= George Grande =

American sportscaster (born 1947)

George Grande (born 1947) (pronounced like the English word "grand") is an American sportscaster who is a former broadcaster for the Cincinnati Reds of Major League Baseball.

Grande is also famous for having hosted the first broadcast of SportsCenter on ESPN in 1979.

==Early life and career==
Grande graduated from the University of Southern California in 1969, where he played baseball for four years and was a member of the Trojans' team that won the 1968 College World Series. While at USC, he played with 14 future Major Leaguers, including Hall of Famer Tom Seaver and slugger Dave Kingman.

He began his broadcasting career as a USC student in 1967 as the sports director and news director of the university's radio station, KUSC-FM, followed by radio stints at KNX in Los Angeles; WERI in Westerly, Rhode Island, where he learned his craft from news director Steve J. Caminis; and WNHC in New Haven, Connecticut. He completed his radio broadcast career by handling the Boston Red Sox pre-game and post-game shows on WMEX. Prior to joining ESPN, Grande also served as a sportscaster at WTNH, a TV station in New Haven.

==ESPN==
Grande and Lee Leonard were the first two people to be seen on ESPN upon its launch. After Leonard gave an introduction to viewers concerning what the network was all about, he tossed to Grande who was sitting at a desk dubbed the "ESPN Sports Center", which became the name of the fledgling network's nightly news broadcast. In the early years of the network, he served as host of the Inside Baseball weekly magazine program, which evolved into the current Baseball Tonight program on ESPN. Grande also served as one of the first hosts of ESPN’s coverage of the NFL Draft, alongside Howard Balzer and Paul Zimmerman.

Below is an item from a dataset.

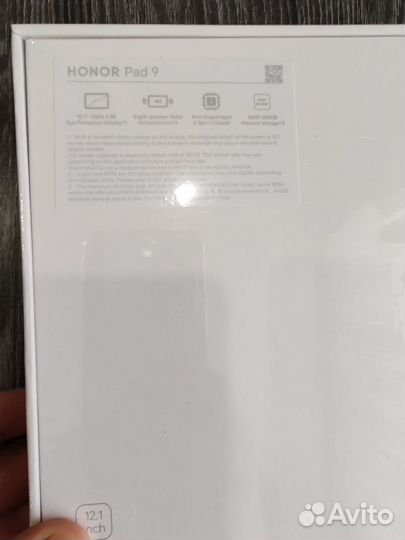 Планшет Honor pad 9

==Major League Baseball play-by-play==
Grande was a TV play-by-play announcer for Major League Baseball's New York Yankees in 1989 and 1990 and for the St. Louis Cardinals in 1991 and 1992.

He joined the Cincinnati Reds TV broadcast team and was its lead broadcaster from 1993 to 2009 for SportsChannel Cincinnati and Fox Sports Ohio. He teamed with former player Chris Welsh to form the longest-running TV broadcasting partnership in team history.

On October 4, 2009, Grande announced that he would step down after 17 seasons with the Reds, stating that he wanted to spend more time with his family. However, he has since returned for a notable number of games each season through 2018.

Grande also served as master of ceremonies for the National Baseball Hall of Fame's annual inductions for 31 years, from 1980 to 2010.

Grande is on the board of directors for USA Baseball.